*** PROVIDED RECORDS Section Begins ***

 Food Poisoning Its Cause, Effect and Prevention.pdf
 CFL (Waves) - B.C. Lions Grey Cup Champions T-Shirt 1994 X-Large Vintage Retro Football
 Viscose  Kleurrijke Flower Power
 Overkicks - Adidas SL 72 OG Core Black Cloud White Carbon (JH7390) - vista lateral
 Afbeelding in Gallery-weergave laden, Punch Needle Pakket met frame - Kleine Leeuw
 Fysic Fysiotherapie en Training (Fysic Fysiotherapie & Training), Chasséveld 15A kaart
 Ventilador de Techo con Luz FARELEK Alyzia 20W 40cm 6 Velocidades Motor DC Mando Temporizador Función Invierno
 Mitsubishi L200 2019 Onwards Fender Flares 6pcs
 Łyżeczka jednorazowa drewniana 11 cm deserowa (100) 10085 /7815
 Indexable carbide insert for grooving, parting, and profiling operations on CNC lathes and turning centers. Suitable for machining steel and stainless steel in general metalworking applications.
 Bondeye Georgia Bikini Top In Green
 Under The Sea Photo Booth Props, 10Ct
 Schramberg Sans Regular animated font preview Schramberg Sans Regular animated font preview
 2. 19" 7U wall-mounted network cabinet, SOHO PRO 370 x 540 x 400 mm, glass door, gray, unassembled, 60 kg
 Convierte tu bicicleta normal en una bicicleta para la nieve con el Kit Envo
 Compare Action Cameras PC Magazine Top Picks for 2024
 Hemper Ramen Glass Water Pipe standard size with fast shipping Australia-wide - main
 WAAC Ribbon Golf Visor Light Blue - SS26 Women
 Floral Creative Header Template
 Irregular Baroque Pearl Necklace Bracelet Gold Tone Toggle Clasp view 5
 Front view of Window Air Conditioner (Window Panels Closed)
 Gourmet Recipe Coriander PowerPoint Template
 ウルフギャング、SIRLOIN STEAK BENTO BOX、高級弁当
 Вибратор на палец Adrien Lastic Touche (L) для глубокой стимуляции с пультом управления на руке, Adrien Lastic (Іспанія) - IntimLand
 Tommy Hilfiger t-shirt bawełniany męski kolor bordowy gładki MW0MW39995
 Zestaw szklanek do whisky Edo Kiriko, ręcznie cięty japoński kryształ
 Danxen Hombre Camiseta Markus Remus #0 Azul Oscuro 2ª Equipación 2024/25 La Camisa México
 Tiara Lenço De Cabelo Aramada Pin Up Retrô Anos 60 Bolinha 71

*** PROVIDED RECORDS Section Ends ***

[DIRECTIONS FOR THIS TASK]: Only the lines from the one that contains "Tommy Hilfiger t-shirt" to the end of the entries above should be given again, exactly and in full.

[EXERCISE OUTPUT]:
 Tommy Hilfiger t-shirt bawełniany męski kolor bordowy gładki MW0MW39995
 Zestaw szklanek do whisky Edo Kiriko, ręcznie cięty japoński kryształ
 Danxen Hombre Camiseta Markus Remus #0 Azul Oscuro 2ª Equipación 2024/25 La Camisa México
 Tiara Lenço De Cabelo Aramada Pin Up Retrô Anos 60 Bolinha 71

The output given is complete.